A media scrum at Omsk hospital? PHOTO: EPA
  1. Putin's chief critic Navalny is fighting for his life after being poisoned
  2. Michigan settled the toxic lead saga in Flint for $600m
  3. Joe Biden and Kamala Harris accepted their nominations
  4. Donald Trump gave fringe conspiracy group QAnon a shoutout
  5. An embattled USPS postmaster general reversed changes
  6. Justin Trudeau was accused of covering up an ethics scandal
  7. South Korea targeted a rogue church over a COVID outbreak
  8. Dozens of migrants died attempting to cross the Mediterranean
  9. A Hezbollah member was found guilty of the Hariri assassination
  10. Greenland lost more than one billion tonnes of ice per day in 2019

Deep Dive

Where reams (of cash) are made.

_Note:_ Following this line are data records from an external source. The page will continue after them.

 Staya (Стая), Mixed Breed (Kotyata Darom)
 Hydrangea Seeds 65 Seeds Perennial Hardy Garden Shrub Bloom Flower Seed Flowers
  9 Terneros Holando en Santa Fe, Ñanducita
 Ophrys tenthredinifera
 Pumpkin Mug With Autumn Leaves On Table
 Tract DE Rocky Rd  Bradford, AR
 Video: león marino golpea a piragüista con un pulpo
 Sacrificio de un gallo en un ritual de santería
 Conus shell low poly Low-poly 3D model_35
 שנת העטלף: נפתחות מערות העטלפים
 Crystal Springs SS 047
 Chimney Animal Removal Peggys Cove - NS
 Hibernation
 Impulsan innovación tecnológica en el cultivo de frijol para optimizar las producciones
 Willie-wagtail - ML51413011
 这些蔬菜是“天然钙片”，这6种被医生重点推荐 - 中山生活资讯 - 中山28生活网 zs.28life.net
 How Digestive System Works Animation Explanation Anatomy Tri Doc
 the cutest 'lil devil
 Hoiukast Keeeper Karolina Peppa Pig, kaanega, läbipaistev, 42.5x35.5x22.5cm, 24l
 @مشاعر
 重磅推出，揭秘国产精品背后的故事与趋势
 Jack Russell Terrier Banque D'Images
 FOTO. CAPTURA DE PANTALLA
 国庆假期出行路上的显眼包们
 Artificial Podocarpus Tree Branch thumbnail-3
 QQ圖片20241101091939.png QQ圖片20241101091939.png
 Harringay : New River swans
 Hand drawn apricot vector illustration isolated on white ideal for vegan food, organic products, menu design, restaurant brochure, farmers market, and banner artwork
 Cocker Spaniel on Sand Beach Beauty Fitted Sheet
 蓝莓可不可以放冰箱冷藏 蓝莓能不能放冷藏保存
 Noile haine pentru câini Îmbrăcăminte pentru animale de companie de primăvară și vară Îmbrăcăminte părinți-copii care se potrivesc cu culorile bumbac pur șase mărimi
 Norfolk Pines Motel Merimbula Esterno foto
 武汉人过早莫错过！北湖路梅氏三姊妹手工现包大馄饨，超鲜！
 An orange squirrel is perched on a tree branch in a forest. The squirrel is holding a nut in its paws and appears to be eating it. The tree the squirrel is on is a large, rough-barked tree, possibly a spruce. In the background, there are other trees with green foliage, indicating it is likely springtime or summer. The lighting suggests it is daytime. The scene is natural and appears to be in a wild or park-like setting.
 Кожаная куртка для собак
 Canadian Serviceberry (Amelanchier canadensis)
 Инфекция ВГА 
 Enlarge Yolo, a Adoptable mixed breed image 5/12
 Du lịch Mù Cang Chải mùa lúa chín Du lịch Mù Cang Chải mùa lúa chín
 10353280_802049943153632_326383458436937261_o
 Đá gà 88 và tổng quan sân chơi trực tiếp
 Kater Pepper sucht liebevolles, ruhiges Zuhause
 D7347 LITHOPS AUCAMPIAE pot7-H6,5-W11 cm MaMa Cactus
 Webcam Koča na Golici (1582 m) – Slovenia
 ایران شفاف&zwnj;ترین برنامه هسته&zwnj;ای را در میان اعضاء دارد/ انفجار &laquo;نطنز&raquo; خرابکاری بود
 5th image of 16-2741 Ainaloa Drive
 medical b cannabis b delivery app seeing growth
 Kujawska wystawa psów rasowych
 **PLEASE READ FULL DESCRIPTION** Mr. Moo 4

PHOTO: AP

Stock markets: at a record high. Apple: worth two trillion dollars. Jobs: disappearing like they're going out of fashion. The American economy: lost somewhere in-between Wall Street and Main Street.

What pandemic?

An aeon ago, in February, the S&P 500 index climbed to a record high of 3,386 points. This week it closed even higher , at 3,390. Given that the index represents more than 80% of the total value of the US stock market, it's a handy indicator of the mood on Wall Street. And that mood – given we're in the middle of a global pandemic is, in a word, quixotic. It's been dubbed the "everything's awesome" rally; a perplexing foil for the millions of Americans who are sinking into unemployment or underemployment.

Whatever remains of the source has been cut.